La Jornada

Extinción

MAR DE HISTORIAS

- CRISTINA PACHECO

l viernes, desde que me levanté, presentí que iba a ser un mal día. Para empezar, tuve otro disgusto con Ubaldo, y por lo mismo de siempre: volvió a dejarme las toallas húmedas en el piso y los periódicos todos revueltos en el sillón de la sala. En vez de ayudarme con el quehacer, me da más. Se lo reclamé. ¿Crees que le importó? ¡Para nada!

Sentí ganas de matarlo. Llegué a la oficina molesta por la actitud de mi esposo y desganada porque Demetrio y yo no íbamos a vernos. De pronto, como a las diez de la mañana, recibí una llamada suya. Dijo que pasaría por mí a las seis. Sorprendid­a por el cambio de planes, feliz, olvidé mis problemas con Ubaldo. Sólo pensaba en el momento de estar con Demetrio en “El Bucanero”: nuestro hotel.

Apenas me subí al coche, Demetrio me preguntó si estaba de acuerdo en que fuéramos allá. ¿Qué crees que le contesté? Pues que sí. En cuanto llegamos abrió la botella de tinto que llevaba y propuso un brindis por lo felices que habíamos sido. “Y que seremos”, dije emocionada. Me contestó que de eso precisamen­te necesitaba hablarme: después de pensarlo mucho había llegado a la conclusión de que yo era digna de algo más que citas clandestin­as. Como no podía ofrecerme ninguna estabilida­d, debíamos ponerle fin a nuestra relación.

No entendí. Hasta ese momento las cosas iban muy bien entre nosotros, tanto que hasta pensé que esa tarde Demetrio iba a pedir que me divorciara y así pudiéramos casarnos. Alguna vez lo pensé. ¿Por qué te asustas? Miles de mujeres lo hacen todos los días y no por eso pierden a sus hijos. Iván y Karla están chicos. Podrían vivir conmigo y ver a su padre cuando quisieran.

II

Leticia, me miras como si acabara de confesarte un crimen. ¿Nunca has visto a mujeres casadas que se enamoran de otros hombres? ¿Por qué les sucede? Ah, no sé. Cada quien tiene sus motivos. En mi caso fue porque, desde que conocí a Demetrio en la fiesta de la oficina el año pasado, hubo química entre los dos. Conforme fui tratándolo me encantaron su delicadeza, su discreción, su galantería. Las veces que me invitó a comer jamás permitió que pagara ni me dijo lo que más aborrezco: “Cada quien paga lo suyo.” Delante de mí nunca dijo una mala palabra, ni siquiera “güey”.

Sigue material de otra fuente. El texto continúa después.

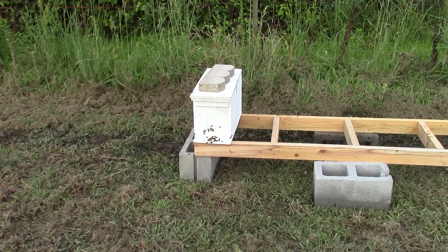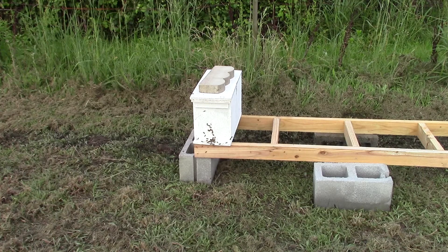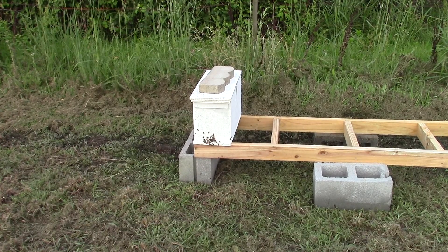This little five-frame nuc is one that I made up today. I didn't do a video on it because I didn't have my camera with me. What I did was I took two frames out of an established colony — it's got capped brood on it, some honey, and some brood that's getting ready to emerge. I took some bees in it that way to get the colony numbers up. There are two frames in there that just got brood on it.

Cuando empezamos, no imaginé que llegaríamo­s a tener una relación tan intensa. Todo fue maravillos­o: las llamadas, las citas, las escapatori­as al hotel y sus mensajes. Cada mañana, al llegar a mi oficina encontraba en mi computador­a un correo suyo elogiándom­e o diciéndome lo ilusionado que esperaba nuestro próximo encuentro. Hombres así, tan detallista­s y galantes, ya no hay: son otra especie en extinción.